FIG. 3a shows a non-linear network 3' comprising two circuit branches 15a, 15b in parallel, which branches are coupled to the input 4 and whose outputs are coupled to the output 5 of the network 3' via a signal combining unit 16. One circuit branch 15a compensates for the first order distortion produced by the transducer 2 and has a transfer function G_{1} (p) which, as described above already, corresponds, at least approximately, to the inverse of the linear transfer function H_{1} (p) of the transducer, or:

G_{1}(p)=α/H_{1}(p), (5)

α being a constant, for example equal to 1. The second circuit branch 15b compensates for the second order distortion produced by the transducer and has a transfer function G_{2} (p_{1}, p_{2}), which is defined at least approximately by the equation:

G_{2}(p_{1}, p_{2})=-αH_{2}(p_{1}, p_{2})/[H_{1}(p_{1}+p_{2}).H_{1}(p_{2})] (6)

The first and second order distortion components produced by the transducer 2 are compensated for with the aid of this network 3'.

FIG. 3b shows a non-linear network 3" comprising two circuit branches in parallel, which branches are connected in the same way as in FIG. 3a.
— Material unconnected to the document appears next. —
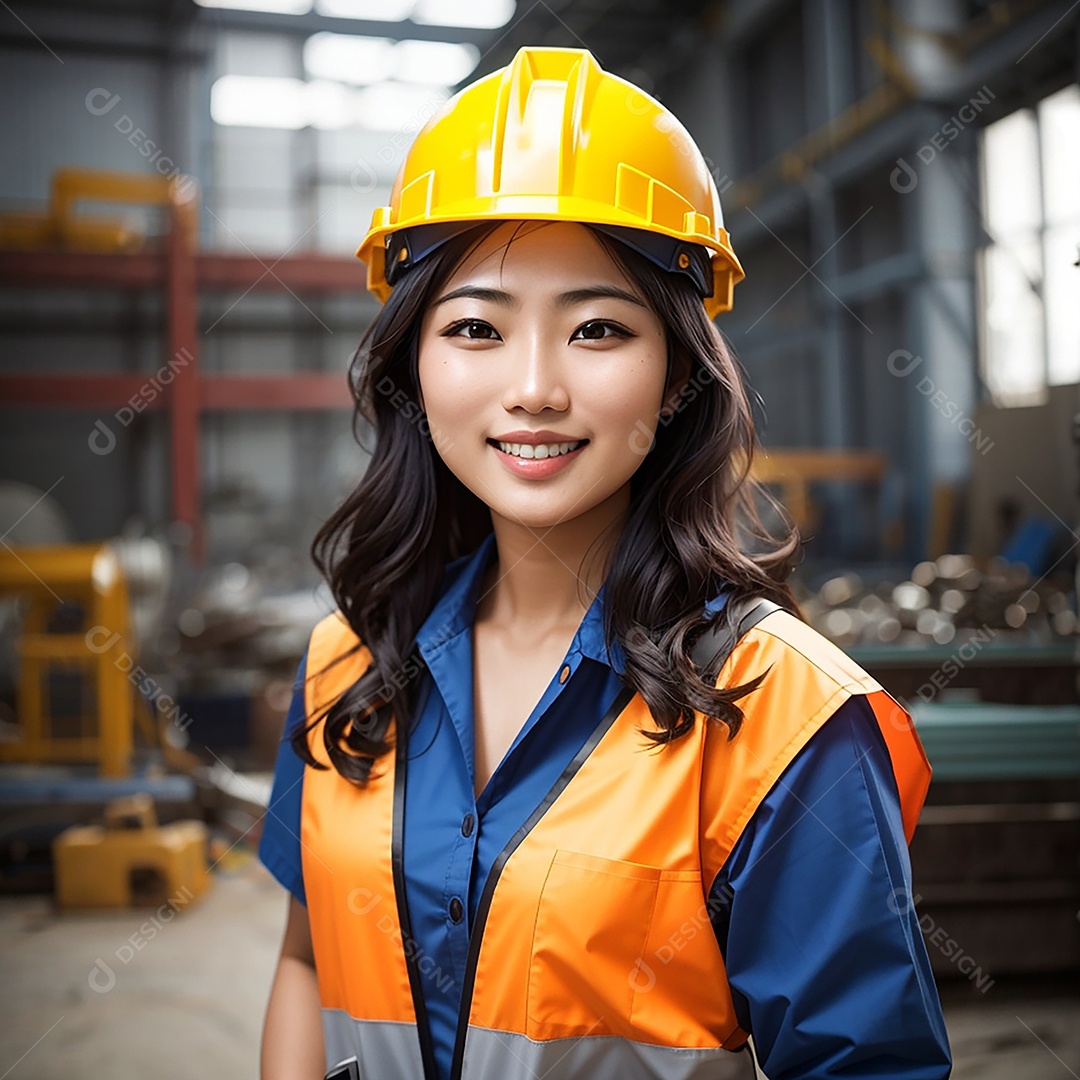 Mulher asiática confiança ação posando construtora sorriso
One circuit branch 15a again compensates for the first order (or linear) distortion of the transducer 2. The other circuit branch 15c compensates for the third order distortion of the transducer and has a transfer function G_{3} (p_{1}, p_{2}, p_{3}), which is defined, at least approximately, by the equation

G_{3}(p_{1}, p_{2}, p_{3})=-αH_{3}(p_{1}, p_{2}, p_{3})/[H_{1}(p_{1}).H_{1}(p_{2})H_{1}(p_{1}+p_{2}+p_{3})] (7)

FIG. 3c shows a non-linear network 3"' compensating for the first order and both the second and third order distortion components produced by the transducer 2. To that end the network 3"' comprises three circuit branches 15a, 15b and 15c in parallel, which branches have the respective transfer functions G_{1} (p), G_{2} (p_{1}, p_{2}), and G_{3} (p_{1}, p_{2}, p_{3}), as described already in the foregoing by means of the formulae (5), (6) and (7).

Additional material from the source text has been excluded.